To be clear, there are huge advantages for the growers to cooperate as well, although it also brings another level of challenges. It is not a prerequisite to the OP's question; however demand volume is (well, synchronous demand volume is).

As I was driving back from the mtns today, I was looking for non-confidential examples that would be useful in helping illustrate the idea. Domori, Valhrona, Amedei, etc all are able to secure appropriate quality cocoa and keep their suppliers happy. How do you think that's done? In addition to working closely with them to maximize quality (ie minimize the defect stream), there's a captive volume at a mutually beneficial price. This approach could run into a number of potential issues - ie most chocolate mfrs don't know step 1 about cocoa quality or maximizing it; if they do have something they think is unique, there's likely to be a protectionist approach to guard their secret; there's a tendency to similarly guard your supply chain for fear of someone else 'stealing' your flavor.

Consolidating your purchasing power will require that these hurdles be cleared. A very frank assessment of which is more important will be needed.

Edwin D.
@edwin-d
08/21/11 12:36:39PM
4 posts
Thomas Forbes
@thomas-forbes
08/21/11 12:56:33PM
102 posts
I would enjoy talking more on this topic. My experience is also in the Dominican Republic and my in-laws are also members of a cooperative where they sell their wet or dry beans.
Sebastian
@sebastian
08/21/11 03:59:44PM
754 posts
I think you will find most resistance in the DR coming from a single large entity, who also has deep ties to banking and shipping. Overcome that, consolidate a large enough purchasing base, and teach the farmers how to ferment (and dry...) appropriate to that purchasing base, and i think you've got upside there.
Joseph Meza
@joseph-meza
08/22/11 07:28:16AM
7 posts

I am glad that there is good interest in this topic. My mail motivation for posting this was to try to come up with some solutions, mainly to the problem of the farmers not having more choices for selling their product, but also to find solutions for all the small chocolate makers that are beginning to appear everywhere.

Good quality cacao is hard to come by. Good post harvest practices are almost nonexistent in this part of Ecuador. Educating the farmers is key. The good thing is that they are willing to do whatever it takes to improve their product, as long as they are being compensated for doing so. The other good thing that is happening, at least in the US, is that customers realize that good quality has a premium price and they are willing to pay for it. Also I have noticed that my customers in the US care deeply about the farmers and that they get fair, or even generous compensation.

As a businessman, I also know that for me to support my employees and myself, I have to make a profit.

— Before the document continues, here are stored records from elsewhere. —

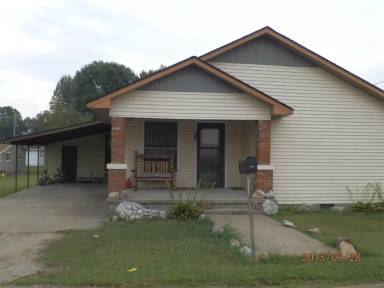 Main picture of 205 S 15th Ave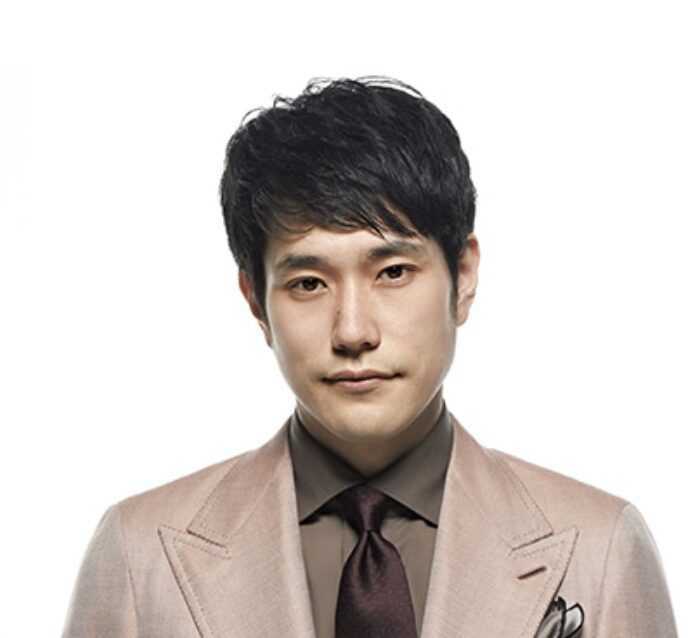 松山ケンイチのブラウンのスーツ姿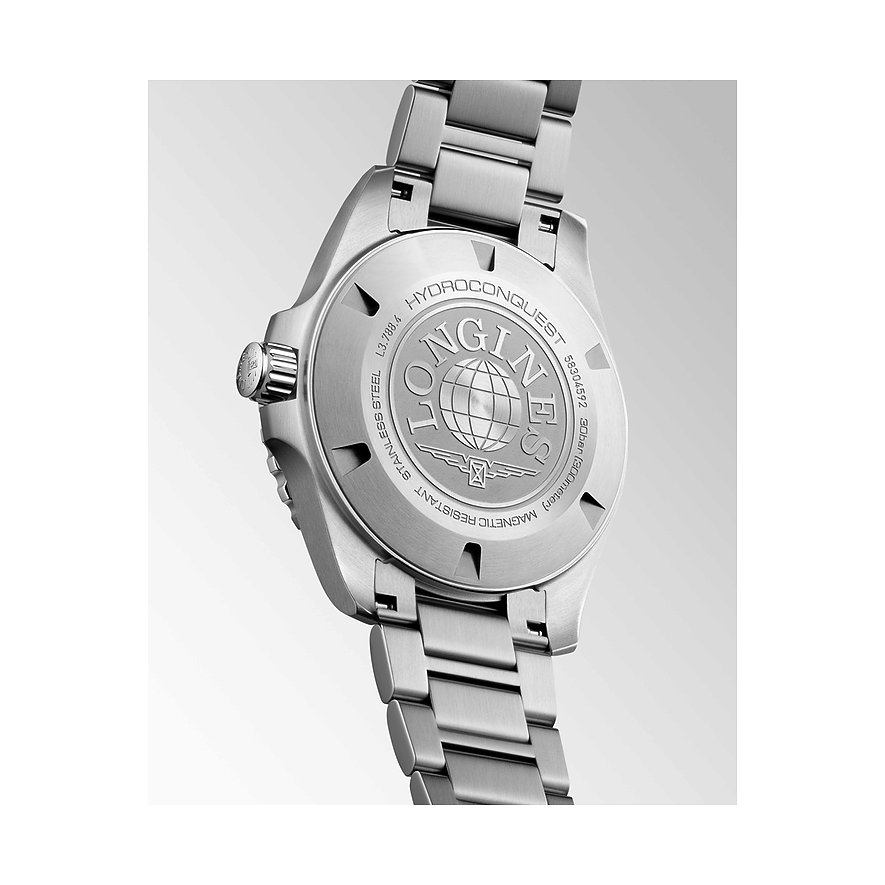 Rückseite einer Longines Herrenuhr aus Edelstahl aus der HydroConquest-Kollektion mit Gravuren und Logo.
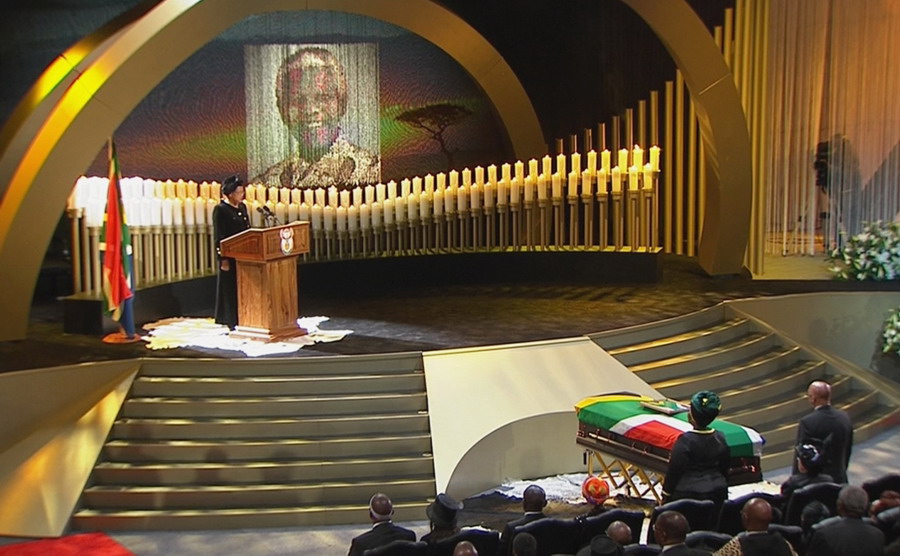 Le cercueil de l'ancien président sud-africain Nelson Mandela drapé dans le drapeau national de l'Afrique du Sud lors de ses funérailles dans son village ancestral de Qunu dans la province du Cap oriental, à 900 km au sud de Johannesburg, sur cette photo prise dans une vidéo le 15 décembre 2013 avec la permission de la South Africa Broadcasting Corporation (SABC).
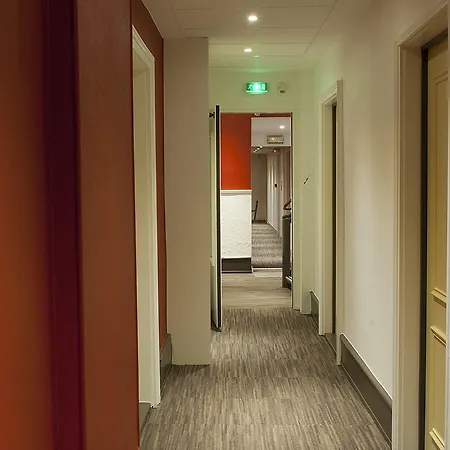 オテル ル グリヨン ホテル 3*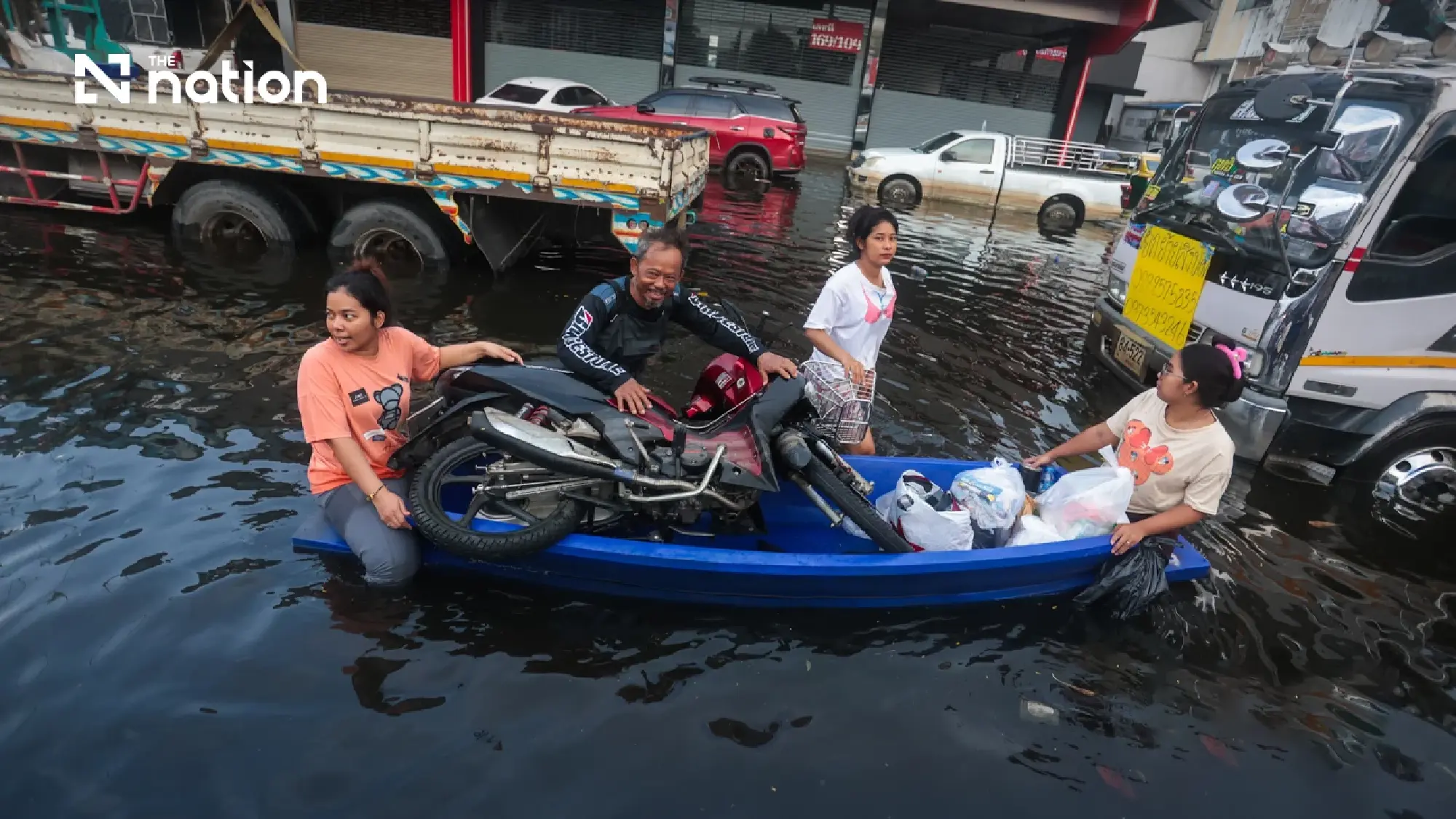 Shine Bunnag leads flood relief at 3 Bangkok sites on Oct 3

So, customers have to be happy with the product that we provide, employees have to be happy with their work, suppliers have to be happy with their compensation. And we have to be happy with our compensation. A win, win, win, and win for all of us.

The beginning of the solutions has been expressed by your posts:

Sebastian said A solution for those interested in long term supplies of high quality beans is to invest in the farms and take an active role in its operations. Any takers?

Brian Horsley said as Jim says, the only way to have growers interested in growing fine cacao, organic cacao, fermenting and drying, or doing anything other than low quality high volume, is to make it more profitable for them by paying a premium price for beans. And the only way to do that is to have a high end market to sell the higher priced beans to

Clay Gordon states Sebastian brings up a very interesting point, which is that maybe it makes more sense for small chocolate makers to get together into a PURCHASING co-op rather than forcing the growers to organize. By doing so, the purchasing co-op drives larger volume purchases, which can start driving the critical mass of volume necessary to move away from commodity market pricing to specialty market quality, and the higher prices quality can command.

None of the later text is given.